8:59In Mother Duck, we don't have a query that goes longer than a minute. A surprising one, but a powerful one is that the accessibility of our data has increased. Incredibly, surprisingly, non-technical team members now feel comfortable engaging directly with our data and extracting necessary insights themselves. Most of the time, sometimes they still file a data request using
9:23Motherduct's features like column explorer and AI SQL. And that's something that has been a game changer for us.
9:31So, what does this mean for nonprofits at large? We're not the only charitable organization that needs data, has a significant amount of it to process. Our total data size about 5 terabytes, but is operating with inherent operational constraints. Constraints that are that are part of being a nonprofit.
9:51In fact, 76% of nonprofits lack a formal data strategy according to Salesforce. 3% of most nonprofit operating budgets are spent on technology. less than 3% according to the Chronicle of Philanthropy and 27% of nonprofits experience problems working with data according to N10.
10:12So the nonprofit data quandry I'm calling it the fundamental issue for nonprofits and data is that nonprofits are underserved by technology providers.

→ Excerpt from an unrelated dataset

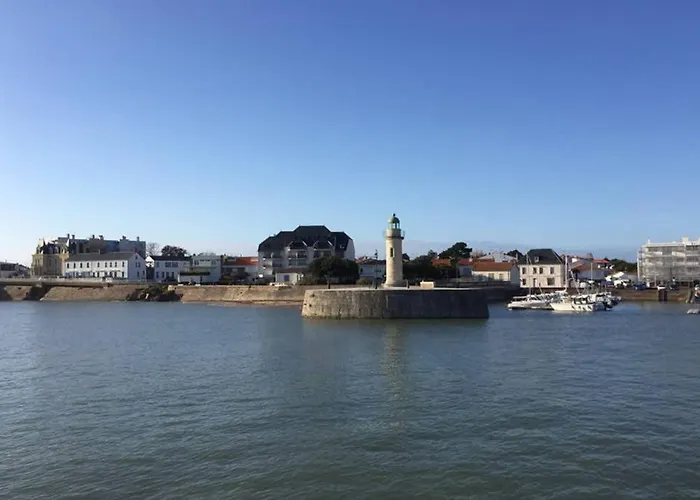 Charmante Maison Idealement Situee * Сен-Жиль-Круа-де-Ви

10:23The sector requires sub substantial capacity building to make data useful. But on the other hand, nonprofits need data to make better decisions and drive outcomes. And even more concretely, our funders require it. When we get a grant or we apply for a grant, there are certain outcomes, certain data outputs that we are obligated to provide. And the public, whether it's on Charity
10:45Navigator or Guidear or any of the or through our IRS 9990, the public expects nonprofits to be transparent about their inputs and outputs.
10:56So, how can small data help? Well, we can rightsize our data practices by only collecting what we need. So instead of collecting every web event, collect aggregated web events. Transform data using open- source tools so that we are sort of not locked in and we can leverage uh free usage.
11:16Leverage tools with the best price to performance namely motherduck in this case. Set realistic expectations for data freshness and metric complexity. As a nonprofit, daily refreshes for reports is more than enough. and trying to bake in real time data analytics would have caused the system to be much more complex.
11:36And in general, keeping things simple, flexible, and small. How can you help? Technology providers in the room. Philanthropy isn't just about money. Charitable organizations like nonprofits and foundations have unique constraints. That's true, including not having huge bud budgets for technology. But we also have powerful proximity to impact.
11:59which can help you have the impact that might help you better achieve your mission, help you have improve public perception or whatever whatever it may be. So my my plea, what I'm advocating
12:13for, what I'm why I'm here today is I would like you to reach out to organizations, nonprofit organizations doing work that aligns with you. You don't need to do mass cold outreach.
12:24Find targeted nonprofits that align with your for-profit mission. Understand their unique data nuances and needs. Find powerful collaborations and solutions just like we have with Motherduck. And lastly, offer nonprofit pricing.
12:40So that's how do something and nonprofits in general with small data can have even bigger impact. Thank you.